##### COLLECTED DATA

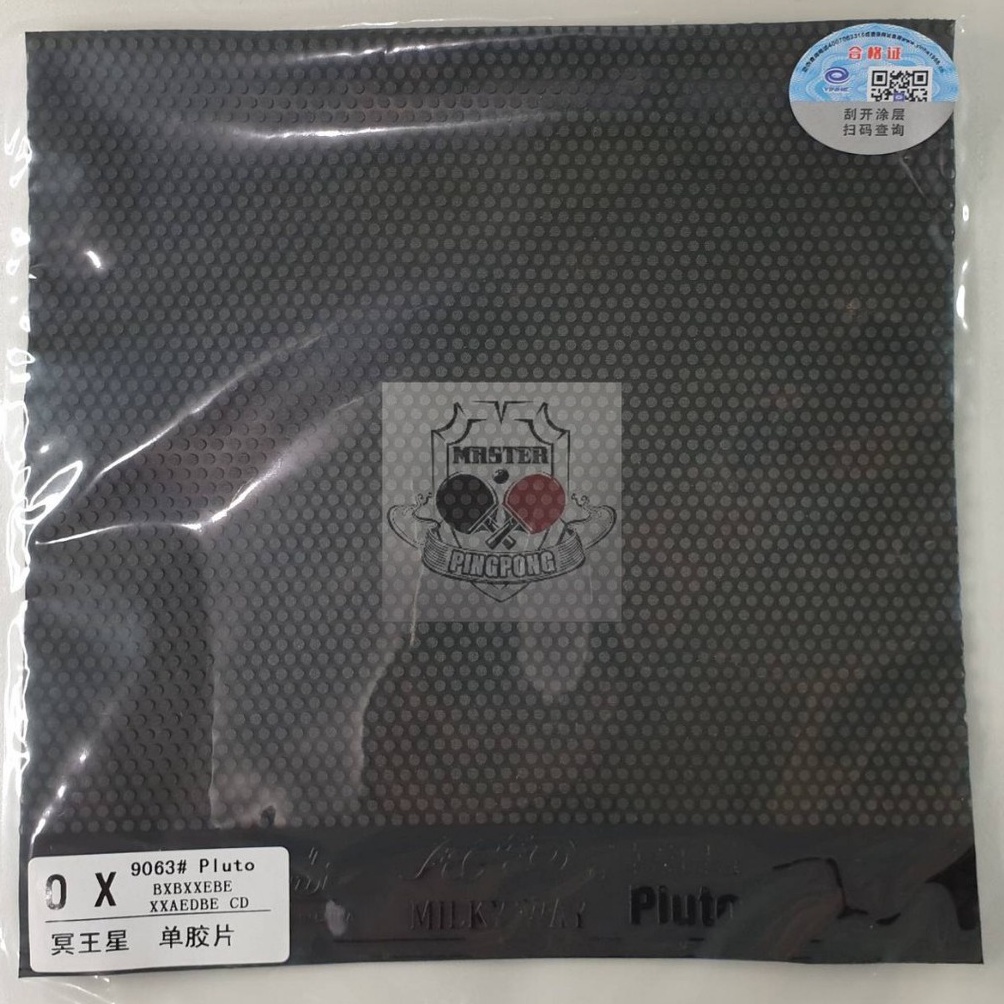 KODE J82L Yinhe Pluto OX  Karet Bet Tenis Meja Yinhe Bintik Serang Tanpa Sponge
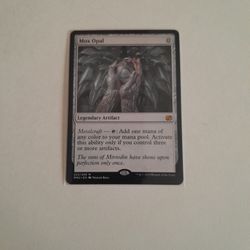 Magic Card MOX OPAL ( MINT )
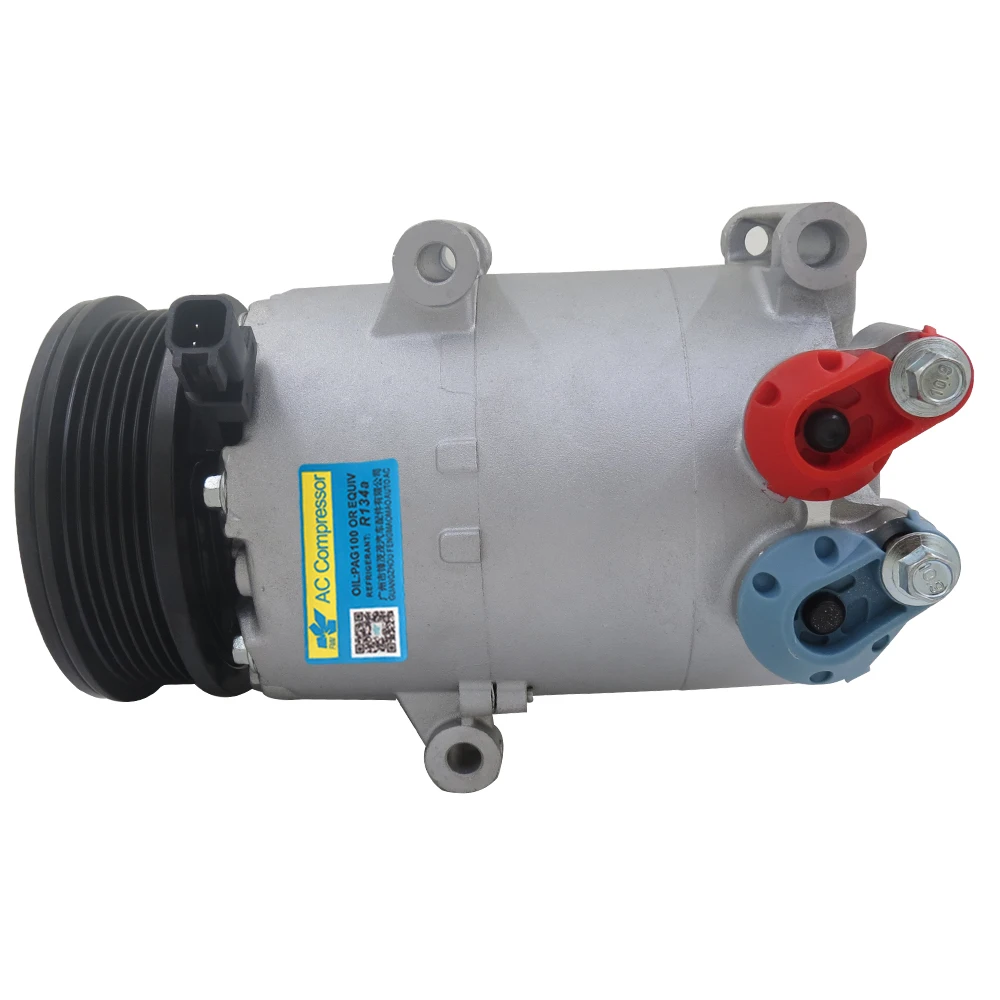 

Системы кондиционирования воздуха VS16, компрессор переменного тока для S60 V60 2011-2019 31332616 11W163 36012441 36001496 1682592 AV6N19D629AA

##########

For this exercise, retype the listing above word for word and omit the pictures.

EXERCISE SOLUTION »
 KODE J82L Yinhe Pluto OX  Karet Bet Tenis Meja Yinhe Bintik Serang Tanpa Sponge
 Magic Card MOX OPAL ( MINT )

Системы кондиционирования воздуха VS16, компрессор переменного тока для S60 V60 2011-2019 31332616 11W163 36012441 36001496 1682592 AV6N19D629AA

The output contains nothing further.